The Coalition row erupted after a leaked Home Office document disclosed that Ms May was examining proposals for a limit of around 75,000 EU workers a year allowed to take up jobs. It broke out with little more than a fortnight until Romanians and Bulgarians gain full rights to work in this country.

Mr Clegg laid the blame for the leak at Mrs May’s department amid suspicions that she is positioning herself to attract support among Tory right-wingers hostile to the EU. The Deputy Prime Minister said: “My advice to the Home Office is to spend less time leaking policies that are illegal and undeliverable and spend more time delivering on the policies we have agreed as a Coalition.”

He added: “If we pulled up the drawbridge now and said to German lawyers or Finnish engineers or Dutch accountants they can’t come to work, it would be a disaster for our economy.

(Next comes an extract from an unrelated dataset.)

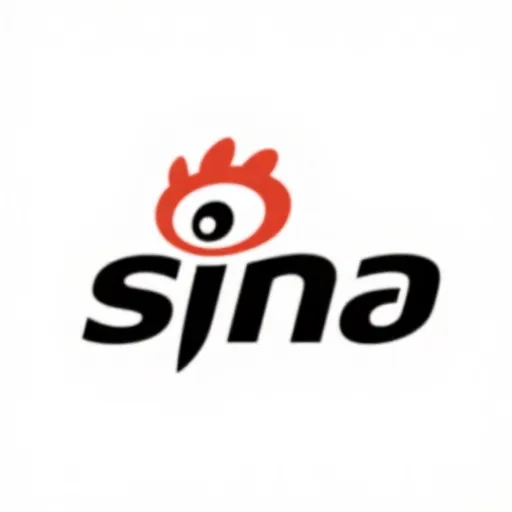 新浪科技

We are an open economy. The City of London would grind to a halt overnight. It would be very unwelcome to the two million Brits who live and work abroad and who I don’t think would thank the Conservative Party for entering a tit-for-tat race to the bottom where everybody in the EU starts pulling up the drawbridge.”

Mr Clegg also spoke of his frustration that the Home Office had still not delivered on its commitment to introduce exit checks on visitors leaving Britain.

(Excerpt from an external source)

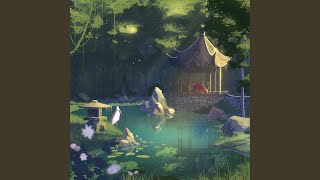 Beneath the Open Sky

The leaked Home Office paper suggested that professional and highly skilled migrants from wealthy nations such as Germany and the Netherlands should only be given a work visa if they had a job, while lower-skilled workers would only be allowed to take up jobs suffering shortages.

The document, whose authenticity has not been disputed by the department, appears to contain suggestions that will form the basis of future attempts by a Tory administration to renegotiate Britain’s relationship with the EU.

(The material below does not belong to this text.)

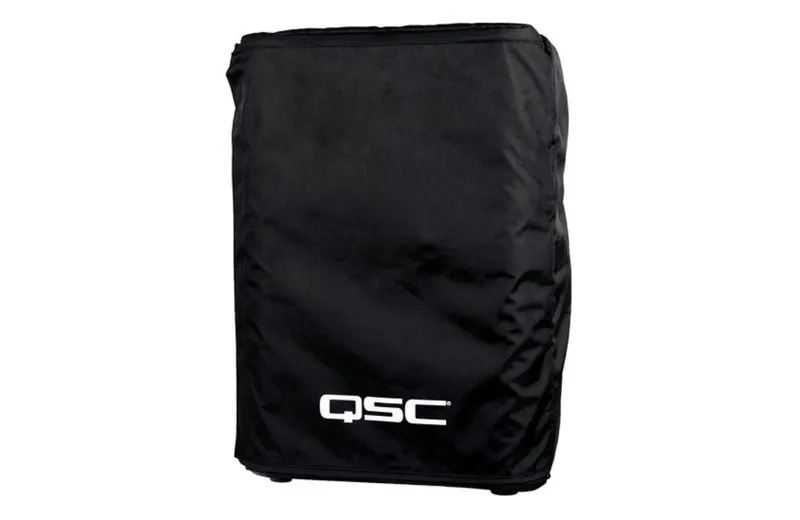 QSC CP8 OUTDOOR COVER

But they would be fiercely opposed by other EU countries, as they run counter to the commitment to “freedom of movement” that underpins the Union. Mrs May told MPs yesterday she was not proposing the introduction of a cap on EU workers now, but considering the “possibility of reform in the future”.

Challenged at a hearing of the Home Affairs Select Committee over Mr Clegg’s suggestion that a limit would be illegal, she said: “We’re talking about potential reforms of accession treaties for the future.”

David Cameron will press his case for reform of the EU, including restrictions on freedom of movement, when he meets fellow European leaders in Brussels on Thursday.

Downing Street insisted Britain was not isolated and other countries, including Germany, shared the Government’s concerns about “benefit tourism” and large movements of population within the EU.

Yvette Cooper, the shadow home secretary, claimed Mr Clegg and Mrs May were staging a “phoney war” to distract from the lack of preparation for the arrival of Romanians and Bulgarians from 1 January.